Mit Ausbruch des 2. Weltkriegs haben die Odenheimer Wehrmachtsangehörigen sowie die letzten Jahrgänge der Teilnehmer des 1. Weltkrieges einzurücken. Weitere Jahrgänge werden gemustert. Die Bevölkerung wird durch Luftschutzkurse auf den Luftkrieg vorbereitet und Lebensmittelkarten werden ausgegeben.
1940/41
Die Synagoge, die bereits seit den 20er Jahren unbenutzt ist, wird abgebrochen. Auch aus Odenheim werden Juden deportiert und ermordet.
1941/42
Mit dem Russlandfeldzug steigt die Zahl der Gefallenen und Vermissten rapide an.
Die Odenheimer Kirchenglocken werden bis auf die kleinste vom Turm geholt und für Kriegszwecke eingeschmolzen.
1944/45
Mit dem Näherrücken der Westfront dramatisiert sich die Lage: Ausgebombte und Evakuierte finden Aufnahme im Ort, der Schulunterricht wird im Oktober 1944 eingestellt, die Angst vor Tieffliegerangriffen geht um. Beim Bombenangriff auf Bruchsal am 1. März 1945 werden 17 Odenheimer getötet.

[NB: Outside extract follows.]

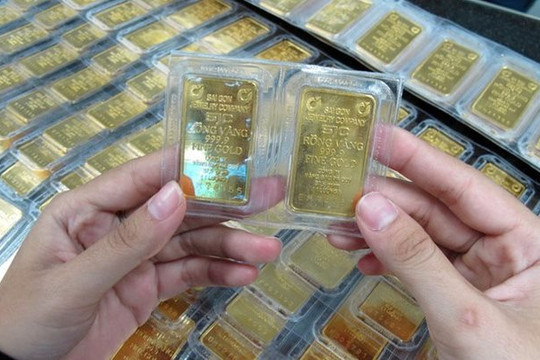 Ngày 19/5, giá vàng trong nước đã chững lại sau khi nhảy vọt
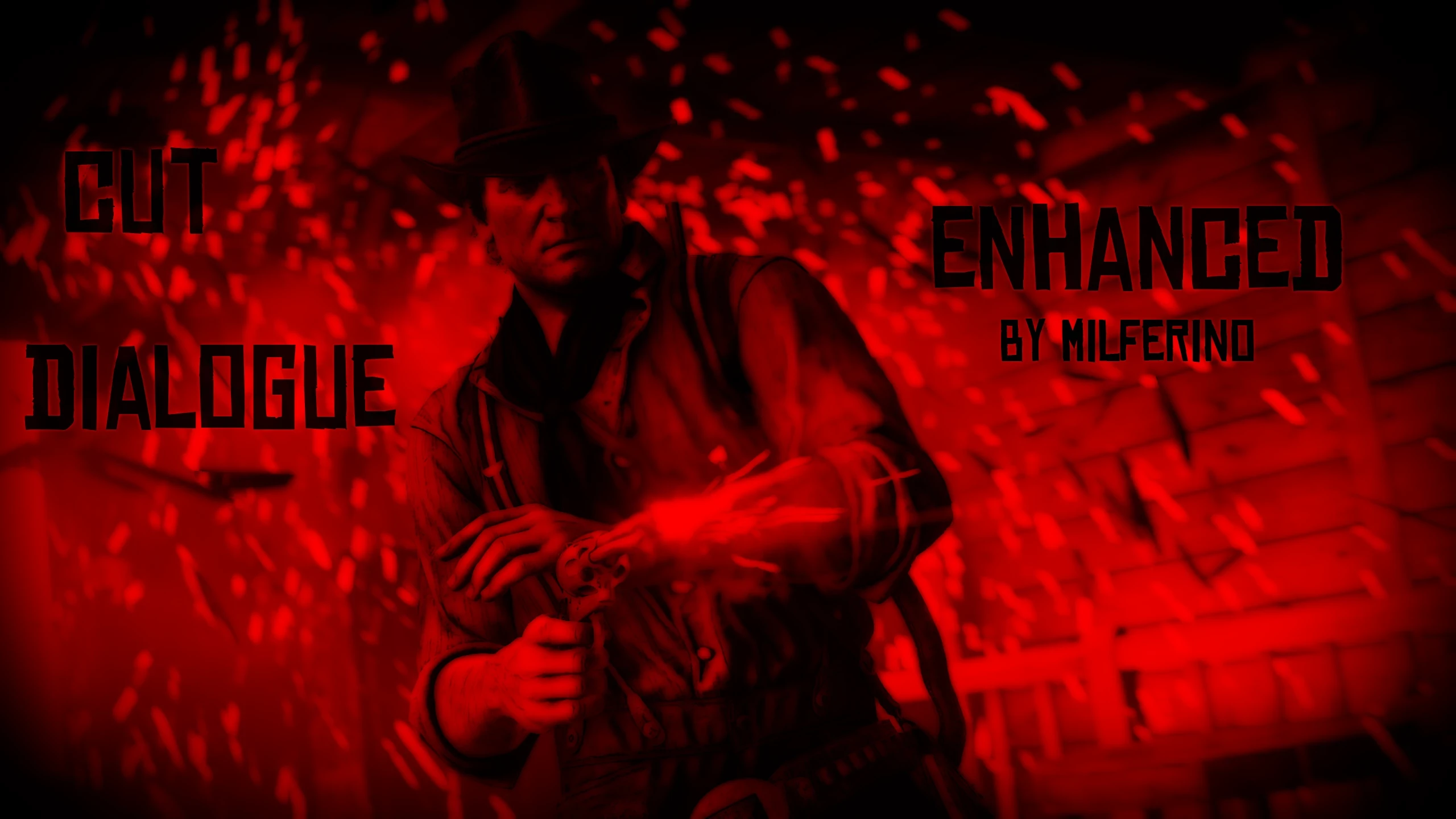 Red Dead Redemption 2 "Восстановление вырезанных реплик"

Am Ostersonntag, dem 1. April 1945, marschieren die Amerikaner in Odenheim ein. Beim vorausgehenden Beschuss stirbt ein 16-Jähriger. Es gibt Verletzte und Gebäudeschäden. Als einige Tage später die Franzosen nachrücken, verbreiten marokkanische Soldaten Angst und Schrecken.
Im ehemaligen RAD-Lager werden nun russische Zwangsarbeiter untergebracht, und es kommt zu Racheakten und Übergriffen. Anfang Juli übernehmen die Amerikaner wieder das Kommando in Odenheim.
Die Normalisierung des Lebens gelingt nur zögerlich. Im Oktober wird der Schulbetrieb wieder aufgenommen.
Die Bilanz des zweiten Weltkrieges in Odenheim: 128 Tote (überwiegend Gefallene) und 74 Vermisste sowie viele Kriegsgefangene.